■ Dataset content:
§
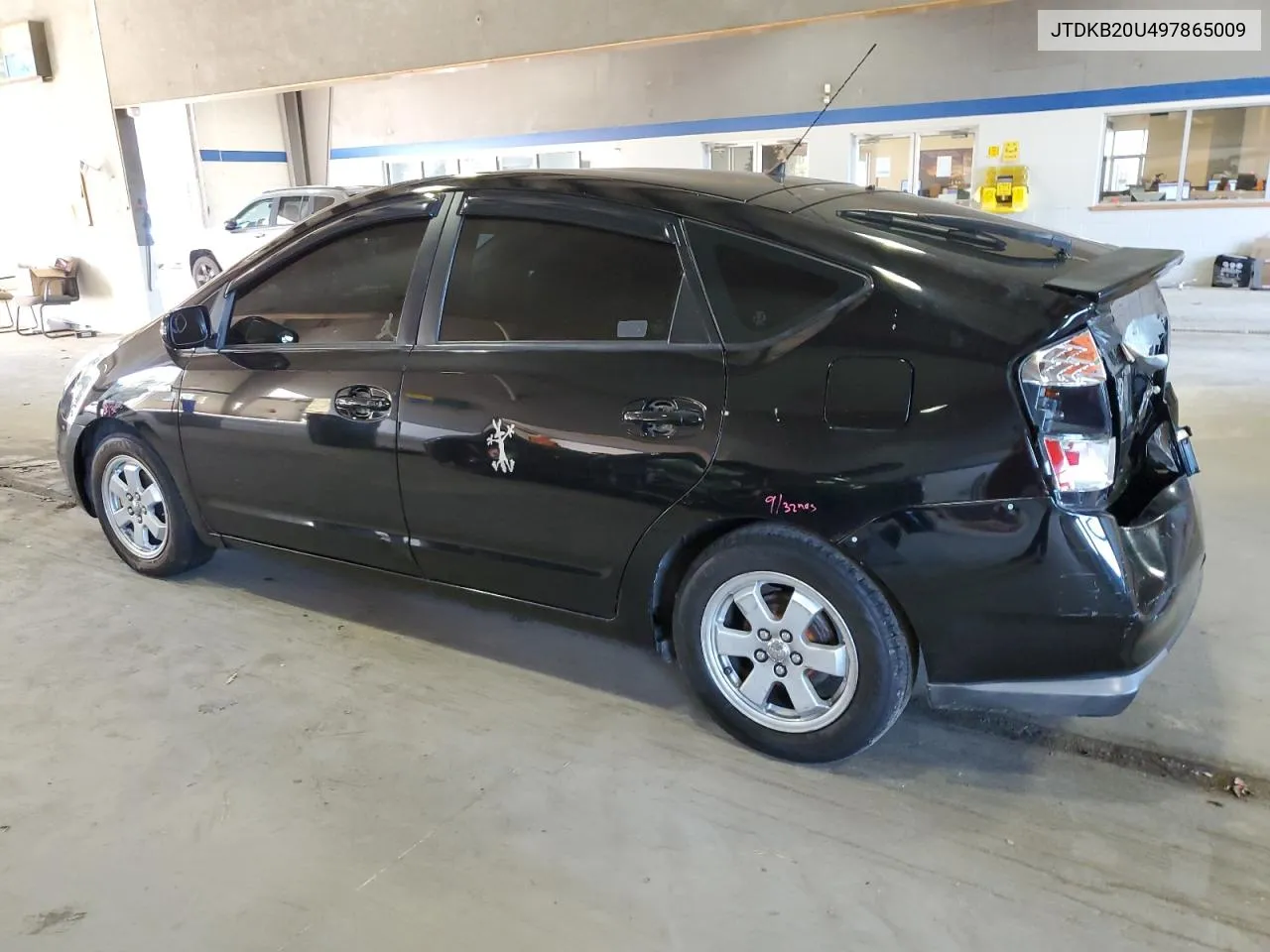 2009 Toyota Prius VIN: JTDKB20U497865009 Lot: 80313574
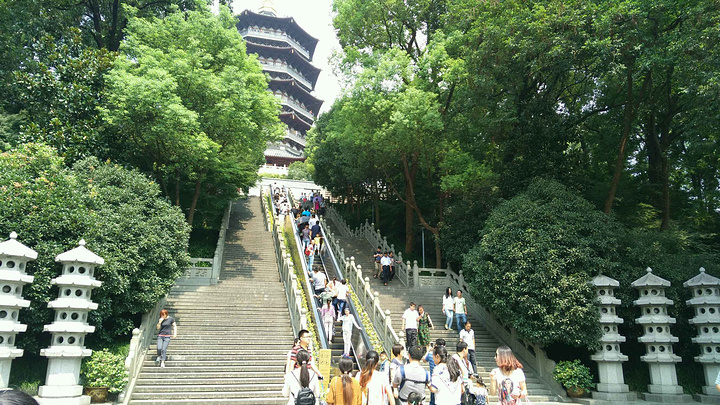 2018没有游玩的需要。遗址。雷峰塔因为许仙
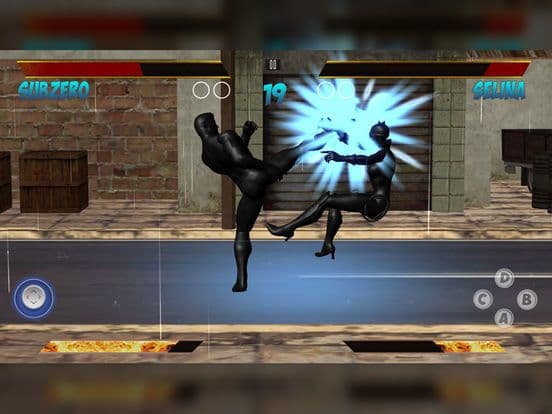Shades Of Fight screenshot 6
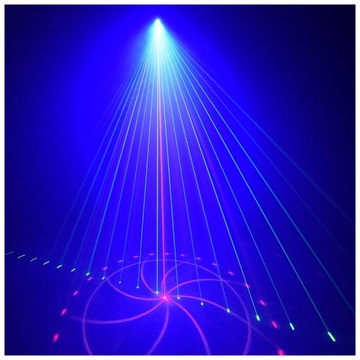PARTY LIGHT DISCO LIGHT LASER LED DJ LIGHT4ME PARTY LIGHT 2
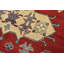 Gabryl One-of-a-Kind 8'6" X 11' New Age Wool Area Rug in Red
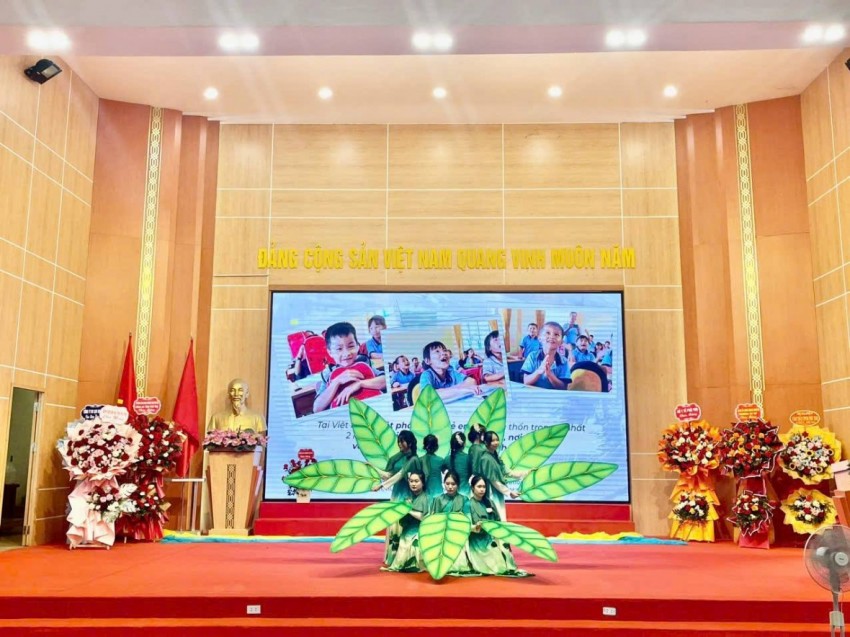 Trường Cao đẳng Y tế Phú Thọ tổ chức Lễ khai giảng năm học 2025-2026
§
Exactly the lines from the one holding "2018没有游玩的需要。遗址。雷峰塔因为许仙" through the last line of the entries must be set down, with nothing added and no pictures.

 2018没有游玩的需要。遗址。雷峰塔因为许仙
Shades Of Fight screenshot 6
PARTY LIGHT DISCO LIGHT LASER LED DJ LIGHT4ME PARTY LIGHT 2
 Gabryl One-of-a-Kind 8'6" X 11' New Age Wool Area Rug in Red
 Trường Cao đẳng Y tế Phú Thọ tổ chức Lễ khai giảng năm học 2025-2026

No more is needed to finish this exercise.